Last Predator

Photograph by Paul Salopek
by Paul Salopek
Near Surum, Saudi Arabia, 24°50’55” N, 37°27’38” E

We walked out of the desert and hit a road. Next to the road was a tree, and in the tree hung a wolf. It had been strung up by its heels. What little fur remained parted this way and that as the wolf rotated slowly in the hot wind.

“Wolves are threatened in Saudi Arabia,” says Ahmed al Boug, the General Director of the National Wildlife Research Center, the scientific arm of the Saudi Wildlife Authority. “I myself, over more than 20 years of field work, have seen about 50 wolves hanging in trees. Shepherds shoot them and put them there. Nobody really knows how many are left.”

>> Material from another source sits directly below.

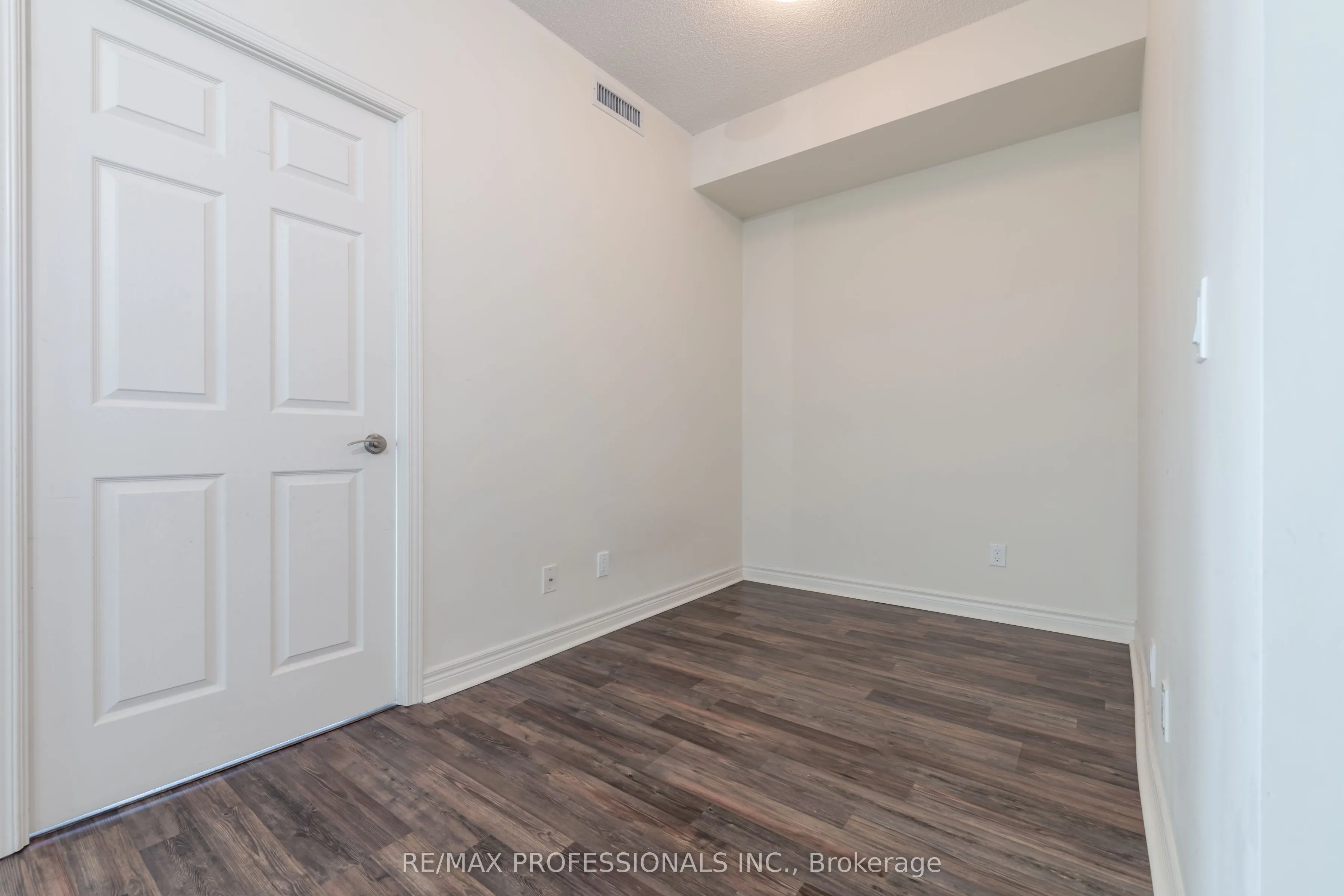 339 Rathburn Road, #1511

Al Boug says that protected zones are the best hope for Arabia’s last wolves. The kingdom already has 15 nature wildlife preserves. Together they cover more than 30,000 square miles: 4 percent of the nation’s surface. Al Boug says that more reserves, for all sorts of animals, not just wolves, are in preparation and will double that area. “There are good things happening,” Al Boug says. “But enforcement needs more work.”

Presumably, local herders suspend wolves in trees to warn off the dead wolf’s kin.

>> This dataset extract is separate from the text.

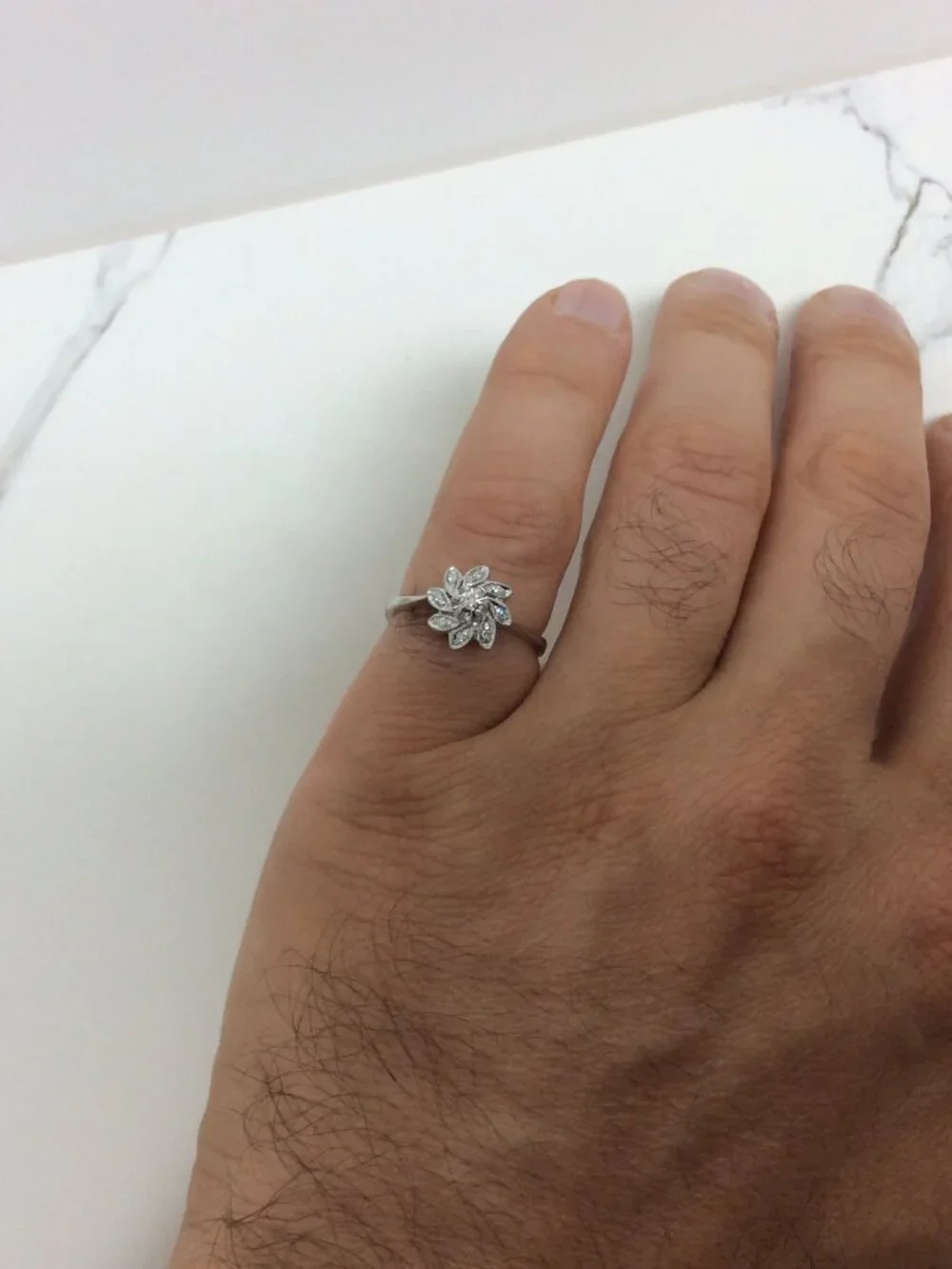18K White Real Solid Gold Flower Diamond Lady Ring Size 7.5      3.40 gr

This practice ascribes supernatural intelligence to wolves. It’s probably merited. Bedouin folklore is a filigree of wolf tales, odes to the human-ness of this animal that may soon be gone, much as the way the Arabian leopard is almost gone. (The number of leopards remaining in Saudi Arabia is perhaps 40.)

We walked on.

We made camp next to a concrete well under a tall, womanly, smooth-branched sahur tree. The moon shone like a wolf’s eye caught in the spotlight of the sun. I could hardly stay conscious for our canned dinner.

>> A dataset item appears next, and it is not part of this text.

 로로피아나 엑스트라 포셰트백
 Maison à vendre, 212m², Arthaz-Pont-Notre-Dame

When the first humans roamed across the unknown world they experienced days imaginable to us now. Among the things we can never know—that is, we can describe it but never feel it—was the fact that we were walking food. Saber-toothed tigers, massive cave bears, archaic lions, and scores of other powerful animals ate us. This state of awareness, of being prey, comes down to us through the millenniums, faintly echoing like a distant scream in a canyon, as metaphysics. As dreams. As a muscle reflex. As religion. An empty alertness. We are the haunted superpredator.

I was watching our two cargo camels, Fares and Seema, graze under the moonlight when I heard them. The camels looked up in unison. I looked up. It came from the Hejaz mountains, a cardiogram of sharp peaks, blued in moon shadow. Two wolves called to each other once, and not again.